The new EPA Energy Star program requires that any server to get the Energy Star label needs to adhere to a variety of energy-saving requirements. According to the EPA, here's what servers that can carry the label will include:

• Efficient power supplies that generate less waste heat, reducing the need for excess air conditioning in the facilities where they are housed;

• Improved power quality, which provides building-wide efficiency benefits;

• Capabilities to measure real time power use, processor utilization, and air temperature, which improves manageability and lowers total cost of ownership;

• Advanced power management features to save energy across various operating states; and

• A power and performance data sheet for purchasers that standardizes key information on energy performance, features and other capabilities.

The EPA claims that on average, those servers that can carry the label will be 30% more energy efficient than comparable non-Energy Star servers. The EPA also claims that if every server sold in the U.

S. met Energy Star requirements, the energy savings would eventually be $800 million per year, and would eliminate the equivalent of the greenhouse gas emissions of more than 1 million vehicles.
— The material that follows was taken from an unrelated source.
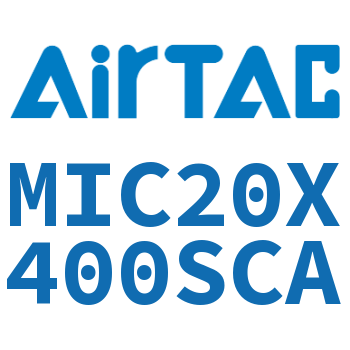 缓冲型迷你气缸 MIC20X400SCA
All that is certainly good. But the Energy Star label doesn't nearly go far enough. As a start, it doesn't cover blade servers. Blade servers are at the core of virtualization projects, which can save dramatic amounts of energy and money. Many data centers that are going green go with blade servers rather than traditional servers. In fact, it's likely that you'd use more energy if you bought Energy Star-labeled servers than if you bought blade servers, which can't get the Energy Star label.

The other problem is that the Energy Star specifications measure server use when the server is idle. Servers, by their very nature, are not designed to be idle. If a server is idle, you don't need it. And there's not necessarily a correlation between a server's energy use when idle compared to when it's being heavily used.

The upshot? The Energy Star label for servers is less than useful. Andrew Fanara, who heads the Energy Star product programs, told Infoworld that the agency is currently at work on a Tier 2 specification which will measure server energy use when a server actually does work. That spec may be out by January. When that's out, it will certainly be a step forward. I'm hoping the EPA will tackle blades as well.